La tension monte dans un pays qui, inspiré par son voisin, espère reprendre le pouvoir détenu depuis près d’un demi-siècle par le père puis le fils Gnassingbé.
«Tu es riche aujourd’hui, mais ça ne va plus durer longtemps, imbécile !» Une course-poursuite s’est engagée dans les rues de Lomé. Dix chauffeurs de zem (moto-taxi) prennent en chasse une Porsche décapotable, rutilante. Le conducteur, lunettes de soleil sur le nez, musique de coupé-décalé à fond, ne les avait pas vus venir. Il slalomait entre les nids de poule, sans même prêter attention aux essaims de motos-taxis qui envahissent les rues de la capitale togolaise. Au feu rouge, les insultes fusent. «Tu te crois où, là ? Pourquoi tu conduis comme ça ?» l’interpelle un zem. L’homme continue à regarder la route, indifférent. On tape sur la voiture de luxe. Le feu passe au vert, et l’homme «riche» démarre en trombe en faisant crisser ses pneus, larguant les motos-taxis. Les abandonnant à leur colère et à leur frustration.

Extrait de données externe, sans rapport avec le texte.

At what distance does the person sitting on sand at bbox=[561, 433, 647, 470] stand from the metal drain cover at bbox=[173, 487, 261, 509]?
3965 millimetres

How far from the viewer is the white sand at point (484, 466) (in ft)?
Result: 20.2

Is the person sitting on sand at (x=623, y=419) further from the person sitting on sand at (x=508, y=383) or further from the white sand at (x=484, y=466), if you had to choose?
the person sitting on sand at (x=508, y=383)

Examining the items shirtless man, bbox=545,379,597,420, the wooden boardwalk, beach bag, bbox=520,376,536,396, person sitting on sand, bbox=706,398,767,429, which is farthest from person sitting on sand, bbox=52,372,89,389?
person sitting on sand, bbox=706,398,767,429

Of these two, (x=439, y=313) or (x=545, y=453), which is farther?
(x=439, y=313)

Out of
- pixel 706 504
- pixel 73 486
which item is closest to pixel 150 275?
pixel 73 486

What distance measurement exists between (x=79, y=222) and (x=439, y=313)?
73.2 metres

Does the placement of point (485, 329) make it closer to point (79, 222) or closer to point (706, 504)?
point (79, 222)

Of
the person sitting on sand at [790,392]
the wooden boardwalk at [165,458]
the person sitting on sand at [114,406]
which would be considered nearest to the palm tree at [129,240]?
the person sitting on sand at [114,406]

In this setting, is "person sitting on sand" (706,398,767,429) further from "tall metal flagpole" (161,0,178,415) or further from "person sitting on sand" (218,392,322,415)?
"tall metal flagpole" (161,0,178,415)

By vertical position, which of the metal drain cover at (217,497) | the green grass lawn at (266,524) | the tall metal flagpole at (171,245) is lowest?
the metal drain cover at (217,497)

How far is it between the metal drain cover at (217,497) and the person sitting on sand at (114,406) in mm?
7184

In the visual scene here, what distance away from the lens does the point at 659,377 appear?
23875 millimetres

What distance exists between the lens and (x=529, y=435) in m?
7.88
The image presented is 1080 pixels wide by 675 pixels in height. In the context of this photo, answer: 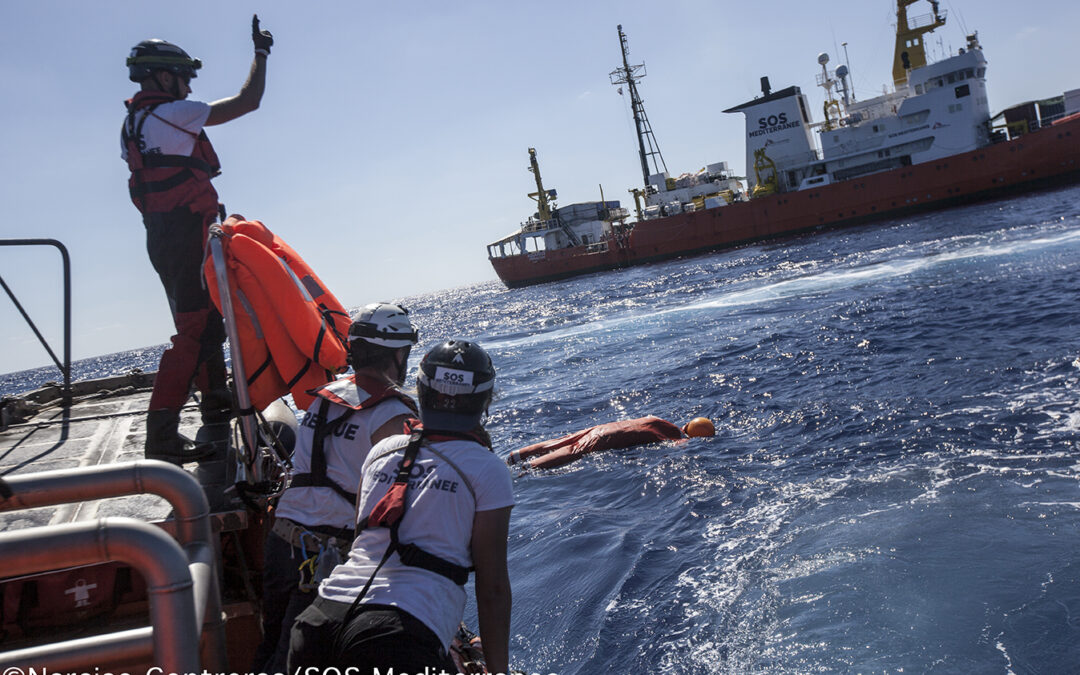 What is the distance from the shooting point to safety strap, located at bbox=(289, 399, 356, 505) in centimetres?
290

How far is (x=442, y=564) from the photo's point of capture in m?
2.20

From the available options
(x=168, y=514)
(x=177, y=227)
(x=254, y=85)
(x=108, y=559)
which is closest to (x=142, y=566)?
(x=108, y=559)

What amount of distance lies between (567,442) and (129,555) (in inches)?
346

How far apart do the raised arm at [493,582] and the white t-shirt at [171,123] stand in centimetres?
278

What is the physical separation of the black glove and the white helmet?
1909 mm

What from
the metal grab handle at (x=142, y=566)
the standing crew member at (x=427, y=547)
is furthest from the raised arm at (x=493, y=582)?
the metal grab handle at (x=142, y=566)

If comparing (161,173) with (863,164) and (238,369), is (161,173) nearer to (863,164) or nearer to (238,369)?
(238,369)

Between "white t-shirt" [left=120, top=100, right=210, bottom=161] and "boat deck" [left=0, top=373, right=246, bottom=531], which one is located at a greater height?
"white t-shirt" [left=120, top=100, right=210, bottom=161]

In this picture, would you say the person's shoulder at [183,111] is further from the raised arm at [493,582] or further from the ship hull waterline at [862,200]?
the ship hull waterline at [862,200]

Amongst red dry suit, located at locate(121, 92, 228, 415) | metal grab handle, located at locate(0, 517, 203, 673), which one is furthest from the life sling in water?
metal grab handle, located at locate(0, 517, 203, 673)

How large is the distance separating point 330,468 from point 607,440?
6915 mm

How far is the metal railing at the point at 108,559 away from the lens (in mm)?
1191

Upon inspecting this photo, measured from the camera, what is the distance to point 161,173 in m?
3.84

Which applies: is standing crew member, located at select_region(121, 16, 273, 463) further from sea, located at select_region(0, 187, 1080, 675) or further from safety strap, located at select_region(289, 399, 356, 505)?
sea, located at select_region(0, 187, 1080, 675) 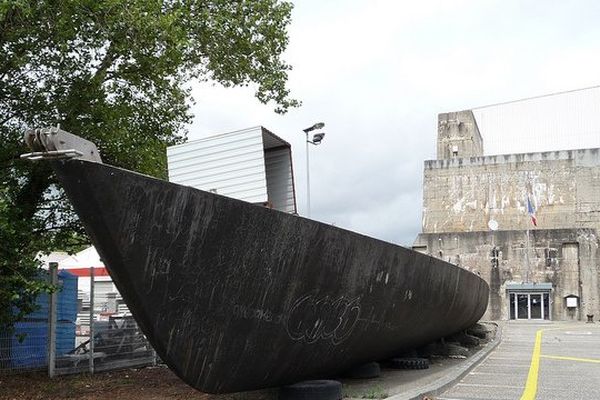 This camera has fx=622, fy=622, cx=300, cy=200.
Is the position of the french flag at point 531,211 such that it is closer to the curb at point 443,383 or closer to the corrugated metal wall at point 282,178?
the curb at point 443,383

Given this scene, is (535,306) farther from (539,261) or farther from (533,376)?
(533,376)

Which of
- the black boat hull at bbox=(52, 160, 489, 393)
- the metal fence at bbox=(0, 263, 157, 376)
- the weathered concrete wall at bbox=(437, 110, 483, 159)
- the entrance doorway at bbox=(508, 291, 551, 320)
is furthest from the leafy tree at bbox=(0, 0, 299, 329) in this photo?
the weathered concrete wall at bbox=(437, 110, 483, 159)

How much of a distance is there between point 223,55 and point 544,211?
40643 mm

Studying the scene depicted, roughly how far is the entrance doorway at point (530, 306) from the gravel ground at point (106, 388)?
3592 centimetres

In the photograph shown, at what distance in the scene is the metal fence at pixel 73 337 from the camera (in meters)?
9.91

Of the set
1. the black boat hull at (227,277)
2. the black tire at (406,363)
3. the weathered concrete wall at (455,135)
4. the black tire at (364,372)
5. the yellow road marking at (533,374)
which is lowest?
the yellow road marking at (533,374)

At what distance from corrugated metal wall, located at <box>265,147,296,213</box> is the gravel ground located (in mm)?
3042

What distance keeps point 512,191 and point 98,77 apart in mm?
42517

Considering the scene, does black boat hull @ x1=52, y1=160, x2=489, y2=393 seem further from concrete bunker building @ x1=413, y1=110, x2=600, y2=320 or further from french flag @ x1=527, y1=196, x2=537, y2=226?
french flag @ x1=527, y1=196, x2=537, y2=226

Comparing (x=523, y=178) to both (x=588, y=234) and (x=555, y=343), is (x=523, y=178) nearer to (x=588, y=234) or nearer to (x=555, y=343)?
(x=588, y=234)

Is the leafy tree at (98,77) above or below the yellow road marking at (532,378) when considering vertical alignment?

Amalgame. La tension est montée d’un cran à Lomé ces dernières semaines et les langues se délient. Chaque jour, la division sociale, politique, mais aussi ethnique se creuse un peu plus. Dans la capitale, à l’extrême sud du pays, on fait un amalgame dangereux entre «ceux du Nord» et ceux «qui ont le pouvoir et tout l’argent». «Nous avons tous vu ce qu’il s’est passé au Burkina Faso il y a un mois. Nous voulons la même chose ici», confie Daniel. Il est mécanicien la semaine et moto-taxi le week-end pour arrondir les fins de mois. «On en a marre ! On veut du changement.»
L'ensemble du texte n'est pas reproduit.